» ASSIGNMENT
Produce again, without any change, the lines running from the one with "New 2027 Chevrolet" through the final line of the data below, and only those.

» ENTRIES SHOWN
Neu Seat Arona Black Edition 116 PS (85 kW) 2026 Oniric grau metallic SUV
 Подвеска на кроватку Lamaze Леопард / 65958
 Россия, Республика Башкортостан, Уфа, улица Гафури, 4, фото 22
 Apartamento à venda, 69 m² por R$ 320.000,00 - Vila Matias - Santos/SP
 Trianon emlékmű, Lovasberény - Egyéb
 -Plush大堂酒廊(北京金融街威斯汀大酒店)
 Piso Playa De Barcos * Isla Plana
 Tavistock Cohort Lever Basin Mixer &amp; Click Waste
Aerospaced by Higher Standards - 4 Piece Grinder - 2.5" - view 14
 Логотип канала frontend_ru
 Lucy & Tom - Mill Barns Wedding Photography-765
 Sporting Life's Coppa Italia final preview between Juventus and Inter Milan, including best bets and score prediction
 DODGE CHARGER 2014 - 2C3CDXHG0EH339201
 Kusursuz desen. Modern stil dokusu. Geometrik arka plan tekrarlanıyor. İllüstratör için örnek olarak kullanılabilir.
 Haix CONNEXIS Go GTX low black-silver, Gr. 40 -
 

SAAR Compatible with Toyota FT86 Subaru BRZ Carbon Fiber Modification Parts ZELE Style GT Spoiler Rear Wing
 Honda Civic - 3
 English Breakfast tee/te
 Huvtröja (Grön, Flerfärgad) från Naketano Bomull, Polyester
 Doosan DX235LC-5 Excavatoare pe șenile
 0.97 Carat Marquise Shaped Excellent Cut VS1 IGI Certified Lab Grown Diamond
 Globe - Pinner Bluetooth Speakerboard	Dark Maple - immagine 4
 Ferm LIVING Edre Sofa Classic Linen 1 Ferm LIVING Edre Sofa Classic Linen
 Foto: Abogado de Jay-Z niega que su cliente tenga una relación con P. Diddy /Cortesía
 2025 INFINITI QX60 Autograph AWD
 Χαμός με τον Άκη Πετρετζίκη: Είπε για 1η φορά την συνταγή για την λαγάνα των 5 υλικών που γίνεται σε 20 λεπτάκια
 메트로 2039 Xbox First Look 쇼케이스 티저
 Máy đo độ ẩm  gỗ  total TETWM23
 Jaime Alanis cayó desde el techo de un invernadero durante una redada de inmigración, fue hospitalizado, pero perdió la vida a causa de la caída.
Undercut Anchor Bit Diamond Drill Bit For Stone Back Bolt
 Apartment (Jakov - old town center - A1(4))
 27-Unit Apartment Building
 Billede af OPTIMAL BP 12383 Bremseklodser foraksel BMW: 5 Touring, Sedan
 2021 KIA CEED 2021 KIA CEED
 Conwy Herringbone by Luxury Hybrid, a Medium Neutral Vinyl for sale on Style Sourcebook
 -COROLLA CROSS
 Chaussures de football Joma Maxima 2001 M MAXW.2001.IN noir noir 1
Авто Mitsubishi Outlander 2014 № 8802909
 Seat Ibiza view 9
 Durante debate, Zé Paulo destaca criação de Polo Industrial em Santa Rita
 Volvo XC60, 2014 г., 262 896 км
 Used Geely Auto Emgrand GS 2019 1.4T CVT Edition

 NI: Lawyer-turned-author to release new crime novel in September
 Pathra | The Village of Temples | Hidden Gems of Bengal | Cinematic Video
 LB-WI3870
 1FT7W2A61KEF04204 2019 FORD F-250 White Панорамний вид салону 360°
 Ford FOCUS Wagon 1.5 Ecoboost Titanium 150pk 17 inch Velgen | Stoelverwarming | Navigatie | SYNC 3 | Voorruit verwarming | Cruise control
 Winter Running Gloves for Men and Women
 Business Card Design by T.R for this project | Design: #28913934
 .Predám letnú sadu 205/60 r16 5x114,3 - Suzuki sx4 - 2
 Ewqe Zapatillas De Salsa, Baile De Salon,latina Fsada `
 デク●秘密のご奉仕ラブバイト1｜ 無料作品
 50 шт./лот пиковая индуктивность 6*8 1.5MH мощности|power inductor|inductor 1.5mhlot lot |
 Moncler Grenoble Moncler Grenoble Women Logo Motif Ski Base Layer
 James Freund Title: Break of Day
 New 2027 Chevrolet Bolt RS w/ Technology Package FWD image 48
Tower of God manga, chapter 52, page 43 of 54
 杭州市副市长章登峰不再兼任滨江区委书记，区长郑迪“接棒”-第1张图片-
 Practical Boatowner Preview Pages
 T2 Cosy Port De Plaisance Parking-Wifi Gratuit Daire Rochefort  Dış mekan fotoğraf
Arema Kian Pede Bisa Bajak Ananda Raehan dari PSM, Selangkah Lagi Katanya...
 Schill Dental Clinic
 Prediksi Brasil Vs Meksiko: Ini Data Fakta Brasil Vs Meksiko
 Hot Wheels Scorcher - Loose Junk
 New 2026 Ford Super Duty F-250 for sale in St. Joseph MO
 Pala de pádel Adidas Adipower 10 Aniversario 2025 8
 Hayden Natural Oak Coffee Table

» EXERCISE RESPONSE
 New 2027 Chevrolet Bolt RS w/ Technology Package FWD image 48
Tower of God manga, chapter 52, page 43 of 54
 杭州市副市长章登峰不再兼任滨江区委书记，区长郑迪“接棒”-第1张图片-
 Practical Boatowner Preview Pages
 T2 Cosy Port De Plaisance Parking-Wifi Gratuit Daire Rochefort  Dış mekan fotoğraf
Arema Kian Pede Bisa Bajak Ananda Raehan dari PSM, Selangkah Lagi Katanya...
 Schill Dental Clinic
 Prediksi Brasil Vs Meksiko: Ini Data Fakta Brasil Vs Meksiko
 Hot Wheels Scorcher - Loose Junk
 New 2026 Ford Super Duty F-250 for sale in St. Joseph MO
 Pala de pádel Adidas Adipower 10 Aniversario 2025 8
 Hayden Natural Oak Coffee Table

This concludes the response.